Design concept unveiled for referendum plans Design concept unveiled for referendum plans

By Ginna Young

In preparing for a $25.4 million referendum for voters to decide on at the spring election, the Cadott School District needed to have a design to show the public. Now that is complete, plans can go ahead to get information out to the community, about what they’re voting on and why, as discussed Feb. 12. “I think we got a really good design,” said district administrator Josh Spaeth.

Last spring, voters approved a $9.9 million referendum for updates to the high school, but the scope of that project wasn’t what the board of education felt was best for the district. Because Cadott lacks walking and biking trails, group meeting spaces and adequate childcare, it was important to the board members to fulfill those needs.

In addition, the district loses $1.7 million in revenue, annually, to home schooling, private voucher schools and students open enrolling to other districts that have, or are near, amenities that are attractive to families.

By passing the new $25.4 million referendum, Cadott can expand the tech ed center, construct a secure entrance, update the elementary school playground, create a 6,000 square foot early learning center and a build a community center.

Where the existing commons is, a new secure entrance will be located, which also acts as a community entrance for the fitness center and walking track yoga/multi-purpose room. Members of the public will walk through first set of doors into a vestibule, where a fob will give access to either stairs or an elevator to those community areas.

“Once you’re up there, that’s all the access you have,” said Bailey Merrill architect with Wendel. “You can’t get to anywhere else in the school. It’s a very safe, secure way to allow the community to use the school.”
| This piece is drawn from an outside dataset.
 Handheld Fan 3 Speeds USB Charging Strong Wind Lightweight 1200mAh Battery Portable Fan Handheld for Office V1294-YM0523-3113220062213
The district office would also be located off of the vestibule, as well as a community/board room, which also has a secure entrance. An expansion of the commons would also take place, along with a new softball field (which would need to be relocated because of the expansions) across from the elementary school, to the south of the gravel parking space.

The estimated tax impact of a $25.4 million referendum, is $165/year, per $1,000 of equalized property value. If the referendum doesn’t pass, the district will use the $9.9 million from the previously approved referendum, but would not be able to construct a secure entrance or address key needs.

To answer questions the public may have, information sessions will take place Monday, March 4, and Monday, March 18, from 6-8 p.m., in the auditorium, or they can visit

Cory LaNou, school board president, says it’s been a long process, but that the district is happy with how the concept turned out.

“Well done,” agreed board member Rod Tegels.